Several weeks ago, I had been eagerly awaiting a ‘Scouse Sunday Afternoon Session’ featuring Edgar Jones, Matt McManamon, Pete Wilkinson and 16 Tambourines – unfortunately, one by one, three of the aforementioned acts pulled out of the festival, leaving only Matt McManamon to perform at The Inn on the Green pub venue. The former Dead 60s frontman, accompanied by guitarist Vincent Redmond, showcased his two superb recent solo singles Seas of Gold and Sinking Sands, as well as crowd favourites Riot Radio, Stand Up and Beat Generation. He was followed by an acoustic Tony Wright from Terrorvision.

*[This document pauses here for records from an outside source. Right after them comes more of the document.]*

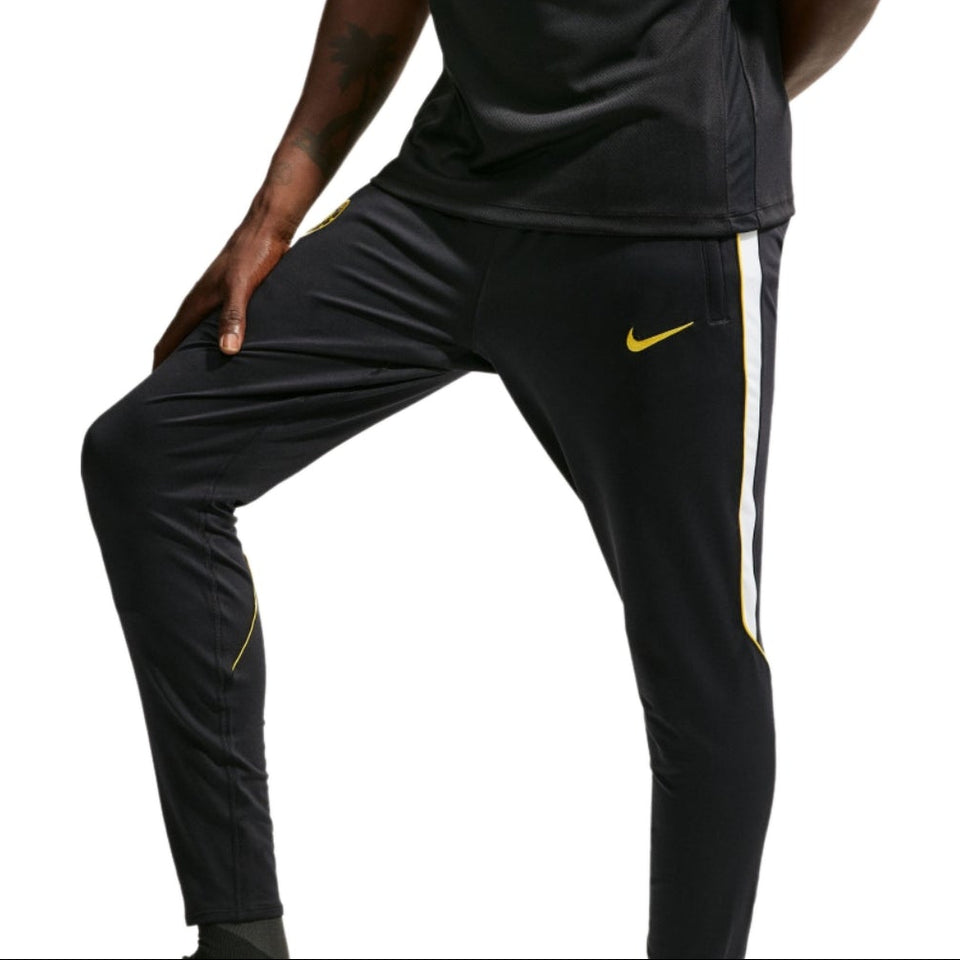 A man wearing a black Nike Chelsea FC training kit with yellow accents, featuring a short-sleeve top with a 'Bingx' sponsor logo and matching track pants, set against a plain white background.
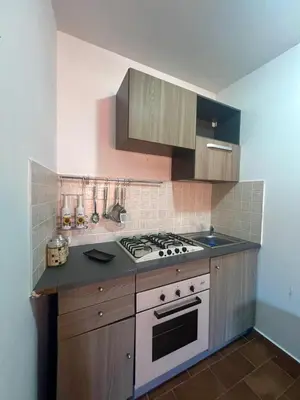 a kitchen with a stove and a counter top at Casa giambona in Capaci
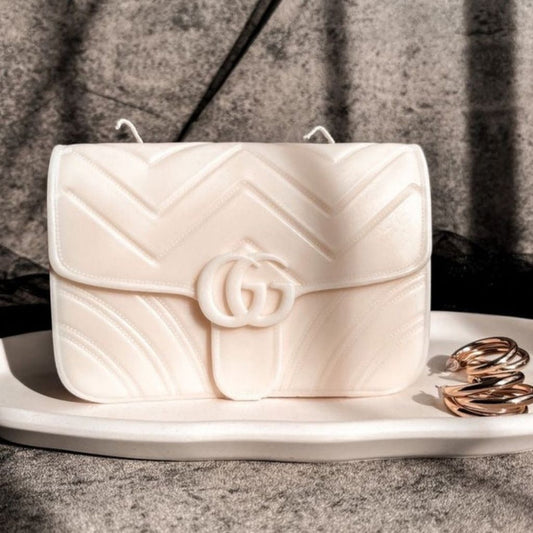 White quilted handbag with a brand logo on a gray surface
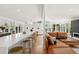 Open-concept living room with an island, a kitchen with modern finishes, and a comfortable seating area at 2545 S Lowell Blvd, Denver, CO 80219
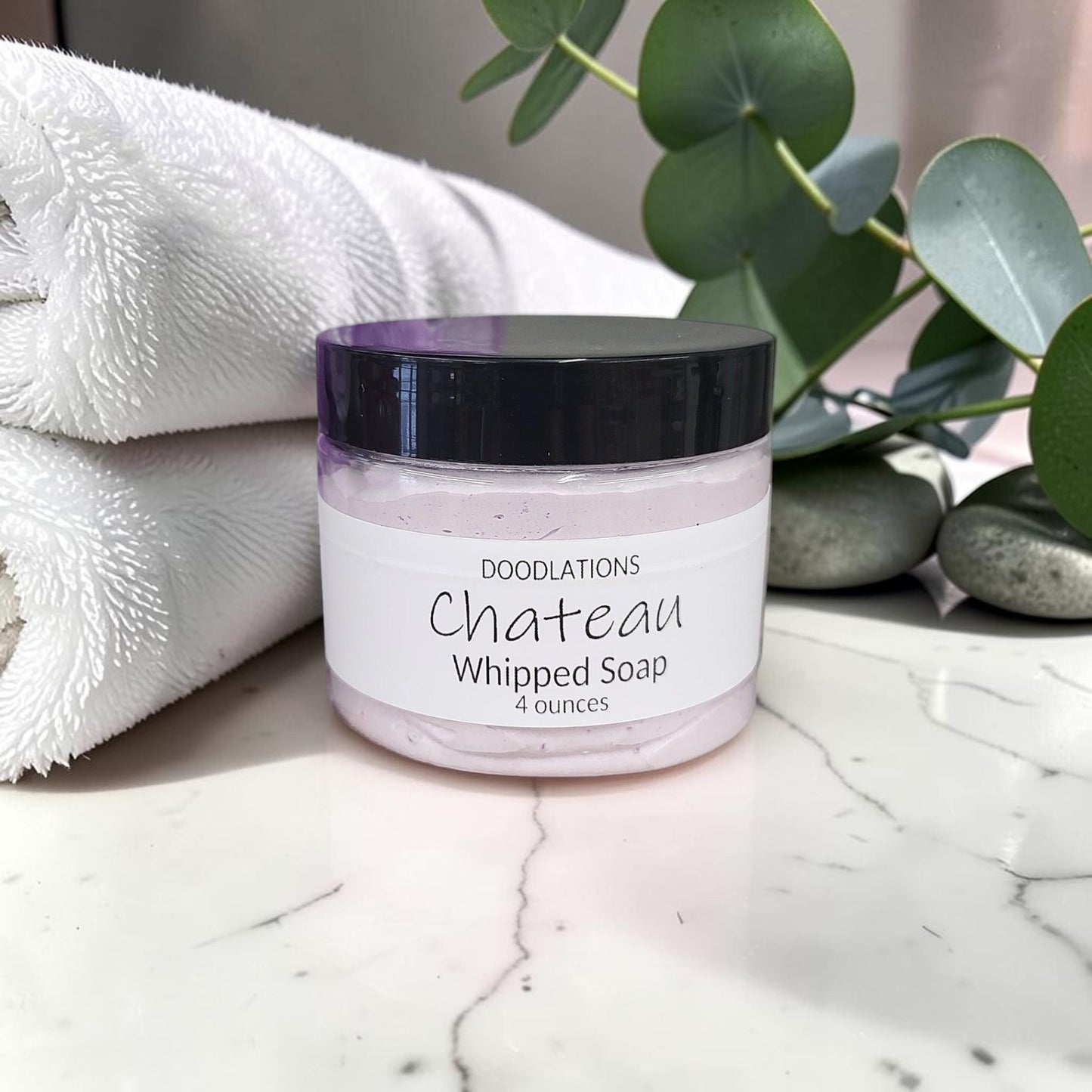 Doodlations Coffee Bar & Boutique Chateau whipped soap in a 4oz jar with a purple loofah on a marble surface.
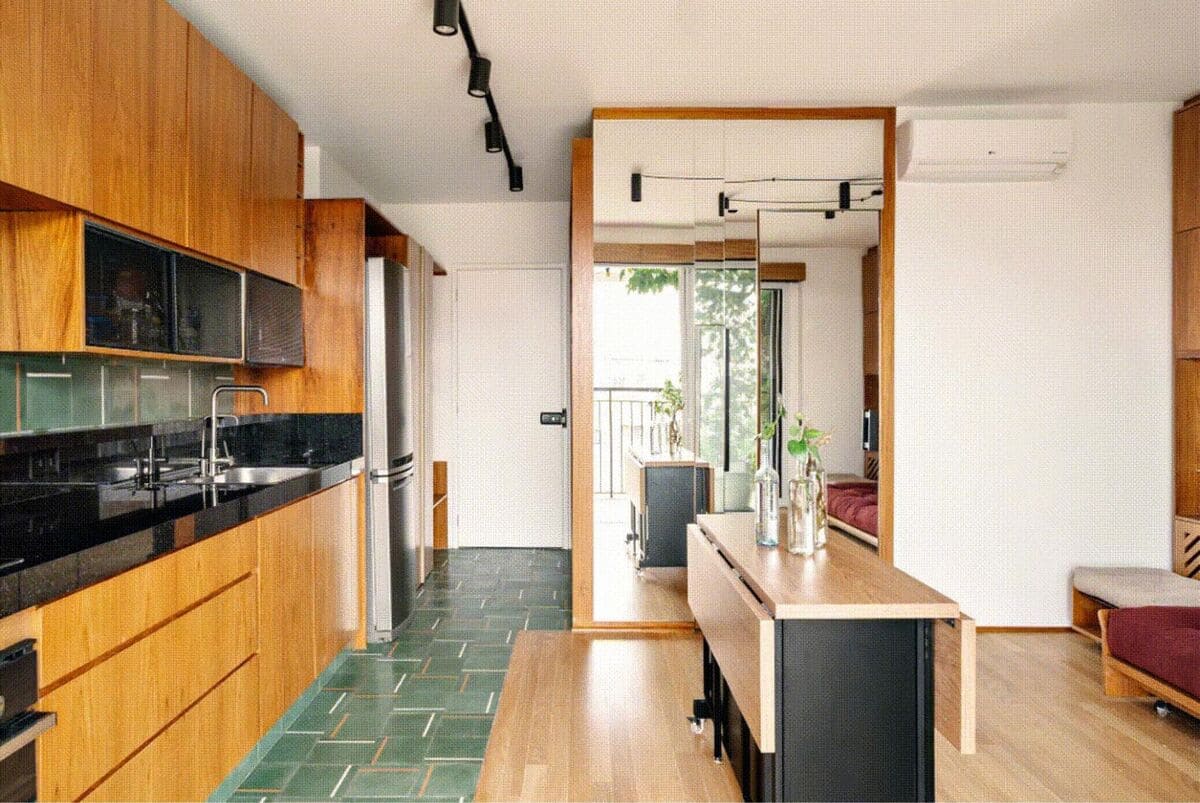 Modern apartment with wooden cabinets, green tiled kitchen floor, a sleek black countertop, and minimalist decor. A large mirror and sliding door open to a balcony with natural light and plants.
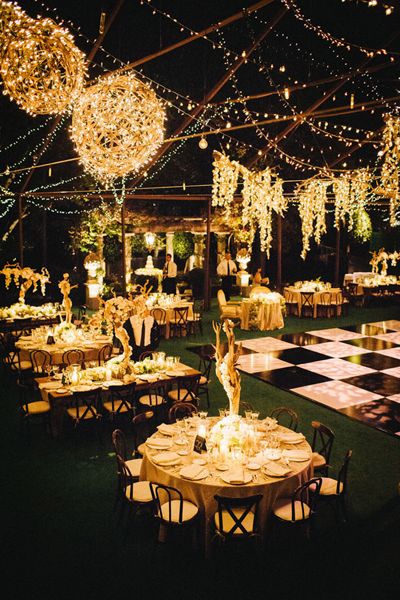 an instagram page with tables and chairs covered in lights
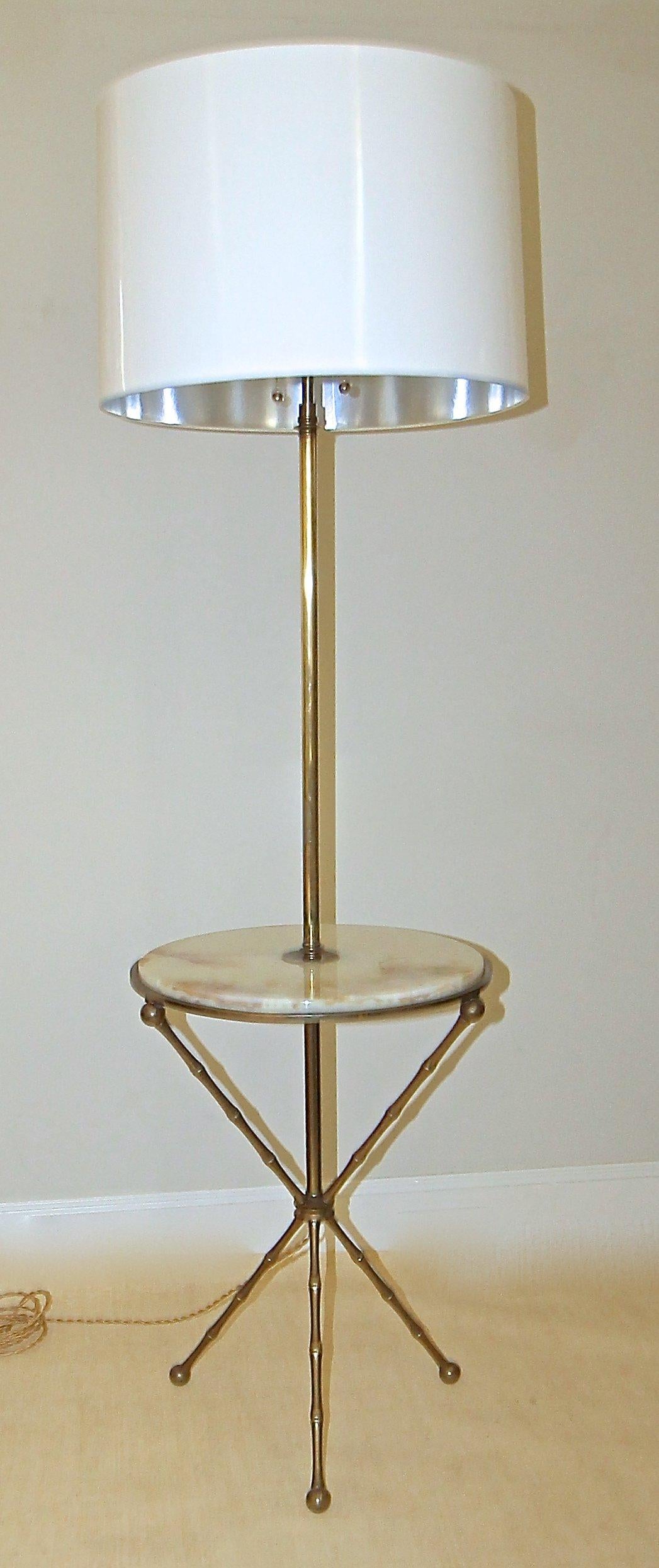 Beautiful and hard to find bronze faux bamboo lamp table with inset onyx top and tripod legs, attributed to Maison Bagues. Newly wired with brass double on/off pull sockets and French style rayon twisted cord. Shade not included and is shown for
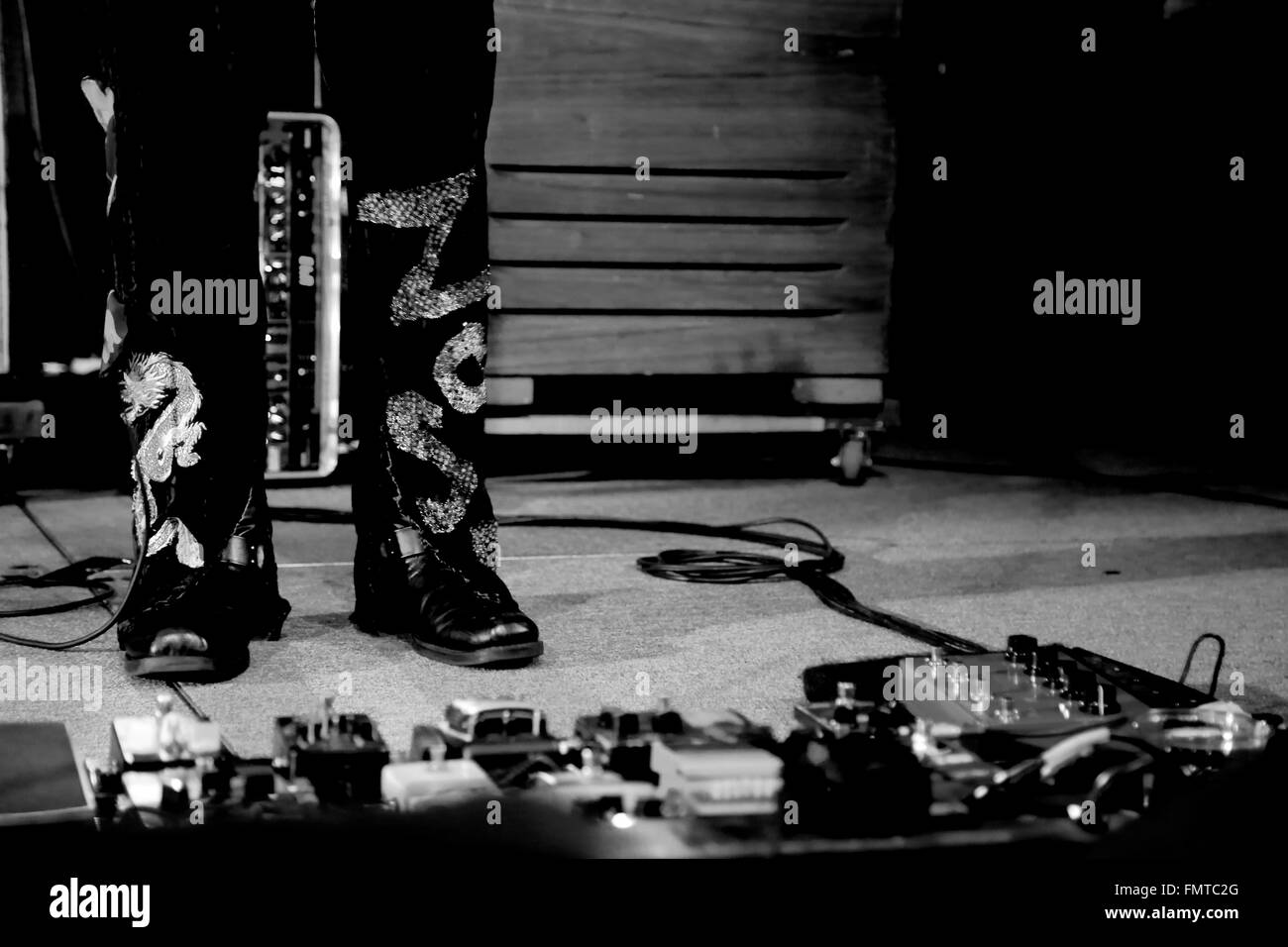 Gitarren-Pedale auf der Konzertbühne in schwarz und weiß mit Füßen Stockfoto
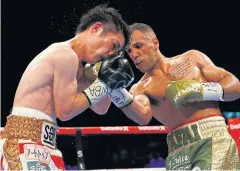  ?? REUTERS ?? Khalid Yafai, right, in action against Suguru Muranaka.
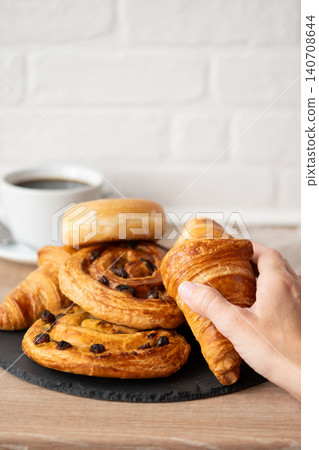 Hand Taking Croissant From Assortment of Fresh Pastries and Coffee Hand Taking Croissant From Assortment of Fresh Pastries and Coffee 140708644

I then checked out the Microdot 90s Exhibition which featured classic artwork and rarely seen outtakes from one of the UK’s premier graphic design companies. I treated myself to an Oasis logo mug (box signed by logo designer Brian Cannon) and two Microdot posters: one a commemorative Shiiine 2019 image featuring the names of all the artists present – and the other showcasing classic Microdot singles and albums artwork.
As evening approached the Skyline audience were taken back in time from before the dawn of Britpop to The Golden Age of Grebo with the quartet of Jesus Jones, Pop Will Eat Itself, Ned’s Atomic Dustbin and The Wonderstuff. This line-up served to perfectly illustrate exactly why Shiiine On is the UK’s quintessential festival for members of Generation X: with the vast majority of the 6000 attendees having been born somewhere between 1960 and 1984, communal memories came flooding back of undercuts and army surplus clothing, Melody Maker front covers, bands who sold more t-shirts than records and Glastonbury and Reading tickets that cost less than fifty quid. At this year’s Shiiine I counted no less than eight acts who had performed at either or both Reading Festivals in 1991 and 1992. The Skyline closed for the final time and Centre Stage then reverberated to the sound of those perennial purveyors of good vibes, Dodgy. Immediately afterwards The Farm’s Peter Hooton sang: “What happened to the attitude you used to have at school? What happened to the attitude when you broke all the rules?” The army of tired and happy Shiiiners needed no words to communicate their reply: “That attitude is still here, Peter, preserved for all time in amber at Butlin’s.”